● **Exercise input**:
══════════════════════════════

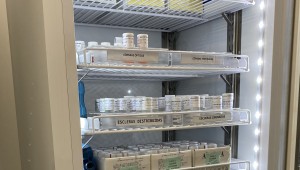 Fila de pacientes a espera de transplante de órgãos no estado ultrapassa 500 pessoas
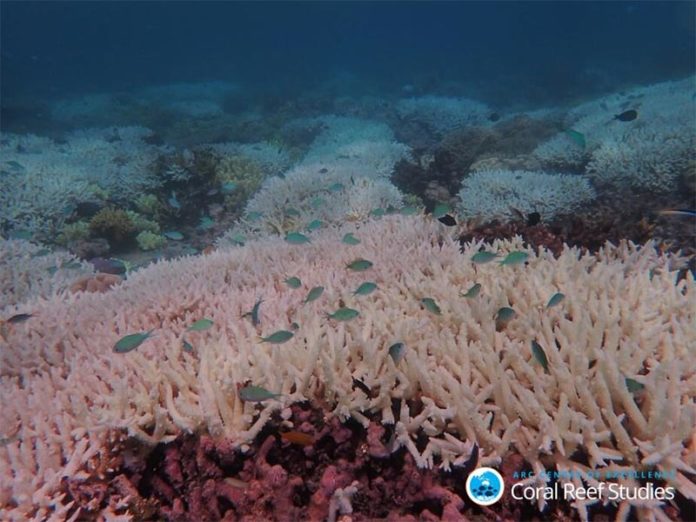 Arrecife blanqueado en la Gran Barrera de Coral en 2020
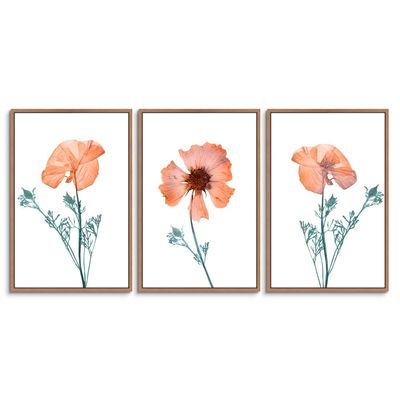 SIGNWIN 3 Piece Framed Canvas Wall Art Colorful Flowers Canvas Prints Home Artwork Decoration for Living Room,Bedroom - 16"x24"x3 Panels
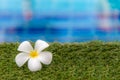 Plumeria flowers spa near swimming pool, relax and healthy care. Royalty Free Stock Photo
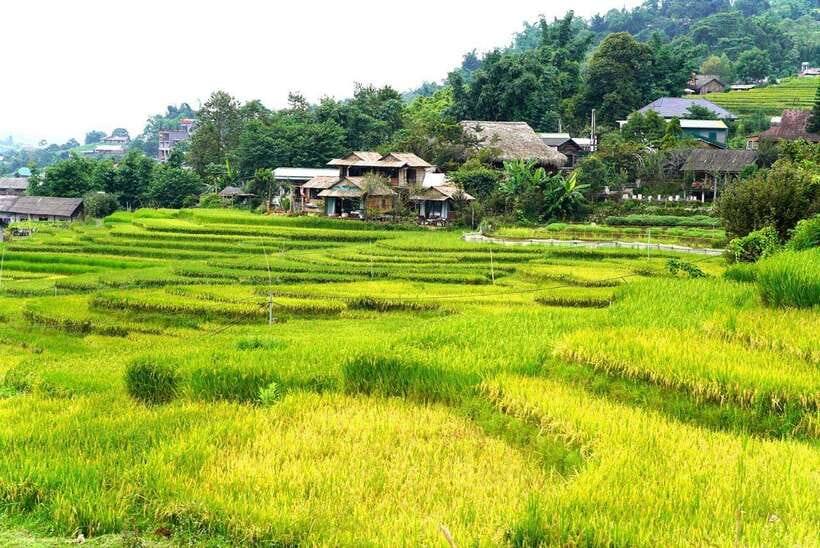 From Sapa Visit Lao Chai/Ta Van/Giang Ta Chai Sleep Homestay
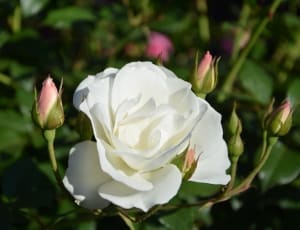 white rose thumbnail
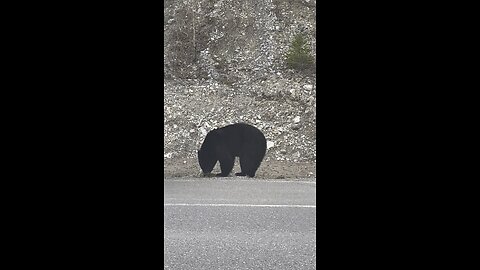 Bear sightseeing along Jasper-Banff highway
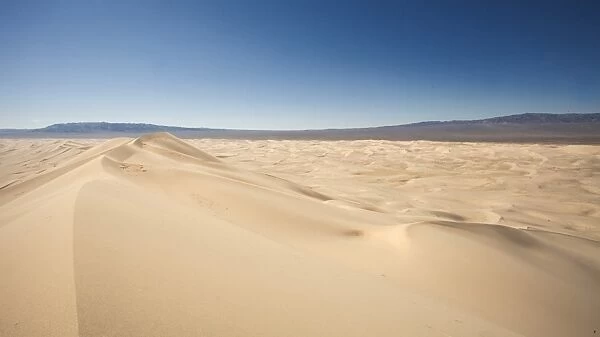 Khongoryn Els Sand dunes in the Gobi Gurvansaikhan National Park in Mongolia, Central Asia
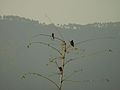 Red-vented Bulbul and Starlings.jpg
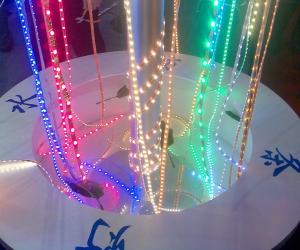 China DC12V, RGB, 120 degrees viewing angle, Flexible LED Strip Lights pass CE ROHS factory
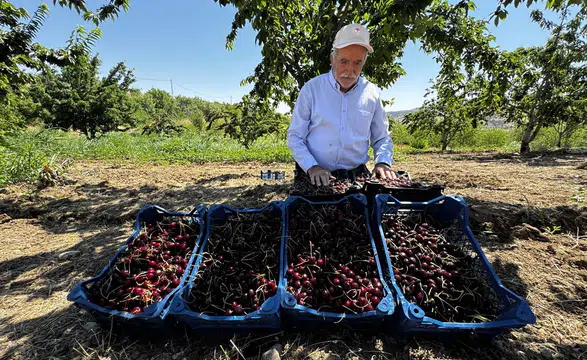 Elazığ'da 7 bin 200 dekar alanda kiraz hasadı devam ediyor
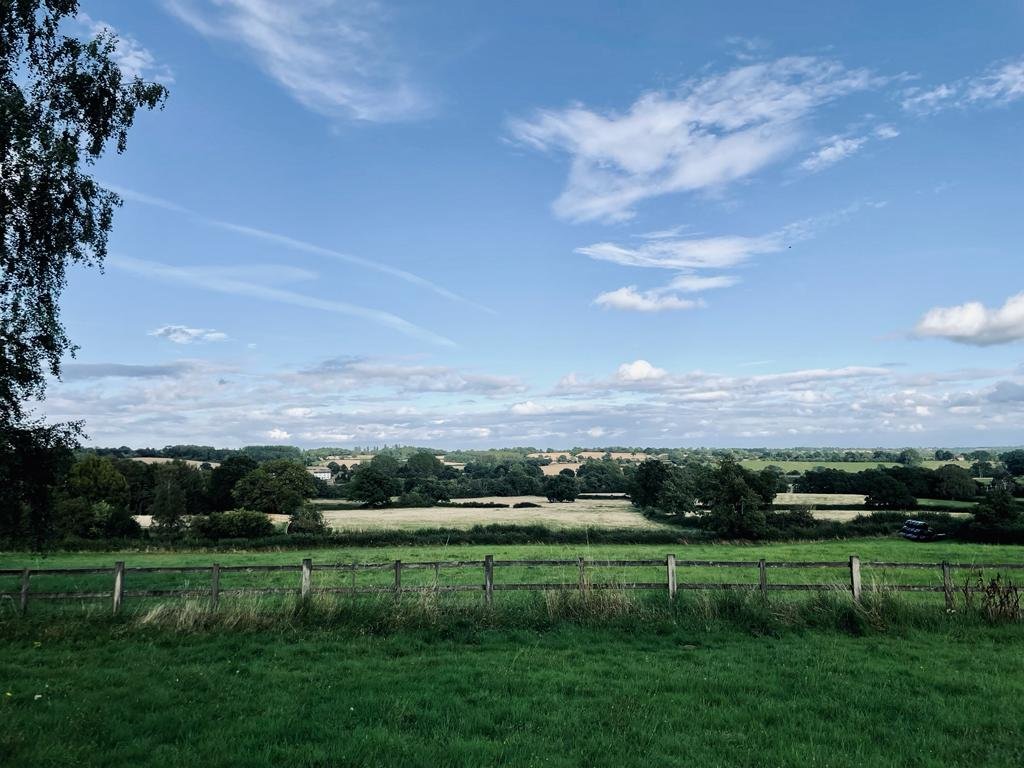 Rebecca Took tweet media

══════════════════════════════

● **Task to carry out**: Reproduce, exactly and with no pictures, the lines from the line containing "Arrecife blanqueado en" through the closing line of the data above, keeping both ends.

● **Answer to this task**:
 Arrecife blanqueado en la Gran Barrera de Coral en 2020
 SIGNWIN 3 Piece Framed Canvas Wall Art Colorful Flowers Canvas Prints Home Artwork Decoration for Living Room,Bedroom - 16"x24"x3 Panels
 Plumeria flowers spa near swimming pool, relax and healthy care. Royalty Free Stock Photo
 From Sapa Visit Lao Chai/Ta Van/Giang Ta Chai Sleep Homestay
 white rose thumbnail
 Bear sightseeing along Jasper-Banff highway
 Khongoryn Els Sand dunes in the Gobi Gurvansaikhan National Park in Mongolia, Central Asia
 Red-vented Bulbul and Starlings.jpg
 China DC12V, RGB, 120 degrees viewing angle, Flexible LED Strip Lights pass CE ROHS factory
 Elazığ'da 7 bin 200 dekar alanda kiraz hasadı devam ediyor
 Rebecca Took tweet media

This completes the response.